═══ Data under study ═══

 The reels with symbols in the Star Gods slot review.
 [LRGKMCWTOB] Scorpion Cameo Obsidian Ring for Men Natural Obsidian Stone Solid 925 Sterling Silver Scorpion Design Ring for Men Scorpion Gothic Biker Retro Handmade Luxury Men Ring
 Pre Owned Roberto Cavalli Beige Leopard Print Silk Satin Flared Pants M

═══
═══ Data under study ═══

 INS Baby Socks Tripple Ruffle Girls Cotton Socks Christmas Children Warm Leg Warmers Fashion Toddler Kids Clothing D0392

═══
═══ Data under study ═══

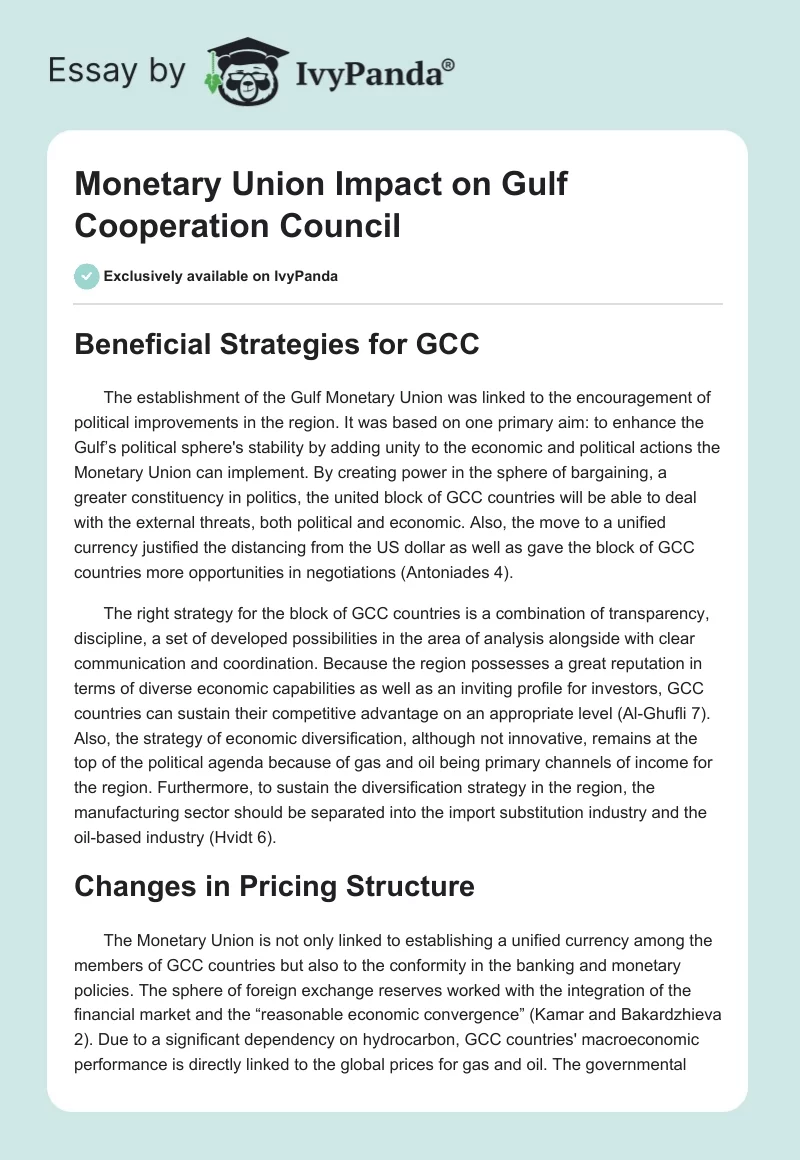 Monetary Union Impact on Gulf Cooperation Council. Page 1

═══

Among the records above, only the lines between the line holding "The reels with" and the line holding "Pre Owned Roberto", inclusive, are to be output, exactly as written.

Your response
 The reels with symbols in the Star Gods slot review.
 [LRGKMCWTOB] Scorpion Cameo Obsidian Ring for Men Natural Obsidian Stone Solid 925 Sterling Silver Scorpion Design Ring for Men Scorpion Gothic Biker Retro Handmade Luxury Men Ring
 Pre Owned Roberto Cavalli Beige Leopard Print Silk Satin Flared Pants M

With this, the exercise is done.